La caza del ciervo, antes de convertirse en una estrategia política clásica, fue un relato. El punto de partida se encuentra en una obra de Jean Jacques Rousseau titulada: “Discurso sobre el origen de la desigualdad entre los hombres” y publicada en 1754. En ella, el filósofo compara la caza de la liebre con la caza del ciervo. Consideremos el siguiente pasaje de la obra donde se explica el punto: “He aquí cómo los hombres pudieron adquirir insensiblemente cierta idea ruda sobre los compromisos mutuos y sobre las ventajas de cumplirlos, pero solo en la medida en que podía exigirlo el interés presente y sensible; porque la previsión no significaba nada para ellos y lejos de ocuparse de un futuro lejano, no pensaban siquiera en el mañana. Si se trataba de tomar un ciervo, todos sabían que para ello debían quedarse fielmente en sus puestos; pero si una liebre acertaba a pasar cerca de uno de ellos, no se puede dudar de que la persiguiera sin escrúpulos y que, después de haberla alcanzado, le importara muy poco hacer errar la suya a sus compañeros”.

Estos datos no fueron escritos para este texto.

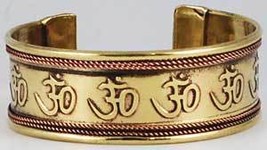 Om Engraved Copper and Brass Bracelet New - £15.69 GBP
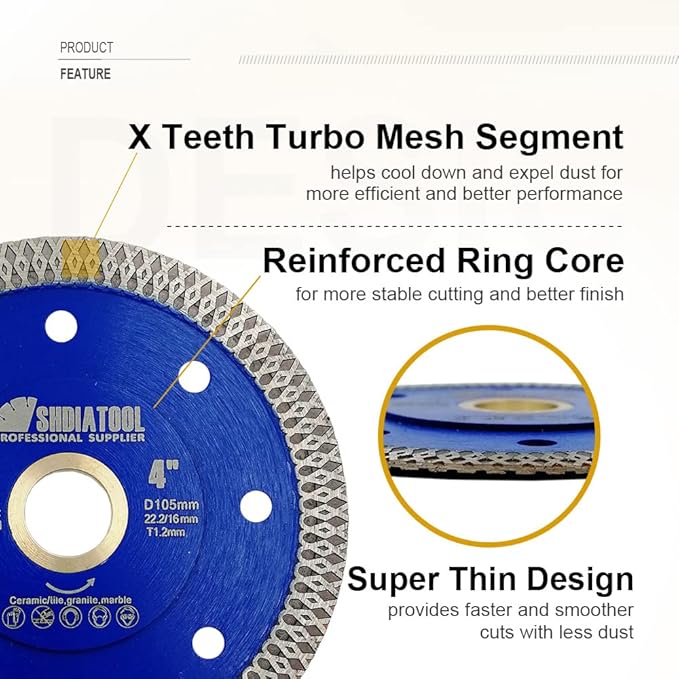 SHDIATOOL 12 Inch Diamond Saw Blade Cutting Porcelain Tile Ceramic Granite Marble Brick(2-Pack)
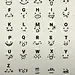 其中可能包括：the letters and numbers are drawn with black ink on white paper, as well as smiley faces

El relato original alude, obviamente, al intento de organizar la acción colectiva para la caza de ciertos animales comestibles en los bosques. El supuesto básico es que ningún individuo puede cazar un ciervo por sí mismo, pero cualquiera puede cazar una liebre. Si participan dos cazadores, se supone también que la mitad de un ciervo es mejor que una liebre entera. De allí que, para cada cazador, resulte preferible cooperar y obtener el gran bien colectivo que ir por su propia cuenta.

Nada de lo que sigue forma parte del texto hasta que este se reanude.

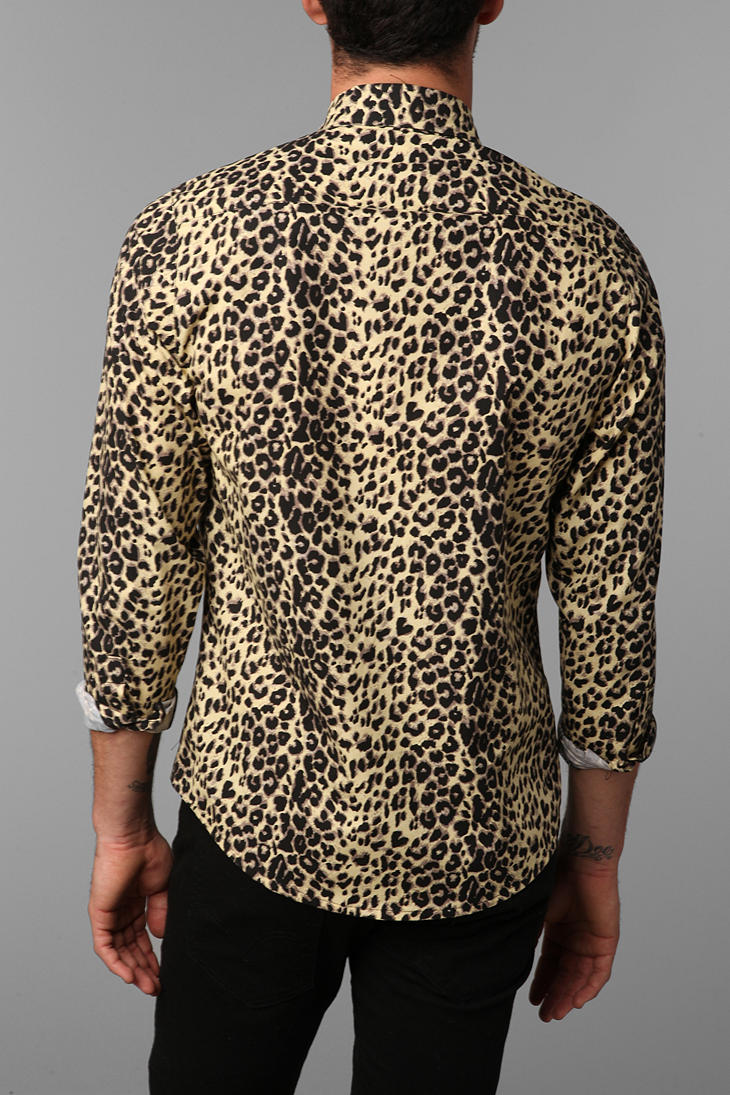 Urban Outfitters Civil Cheetah Print Shirt in Black for Men - Lyst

Sobre esa base, me inclino a creer que la decisión coordinada de la ANR y el PLRA de salir juntos a cazar ciervos supone, en virtud de las propias reglas de la estrategia adoptada, que las presas serán repartidas en partes iguales. Imagino que si cazan los cuatro ciervos que ambos partidos pretenden, cada uno se llevará dos, con las consecuencias políticas indeseables que ello supone. Sin embargo, no consigo imaginar todavía el impacto que tendrá la pretensión de la ANR de cazar un quinto ciervo sin la cooperación del PLRA. En cualquier caso, ante esta decisión política, releo inquieto a Rousseau, “porque la previsión no significaba nada para ellos y lejos de ocuparse de un futuro lejano, no pensaban siquiera en el mañana”.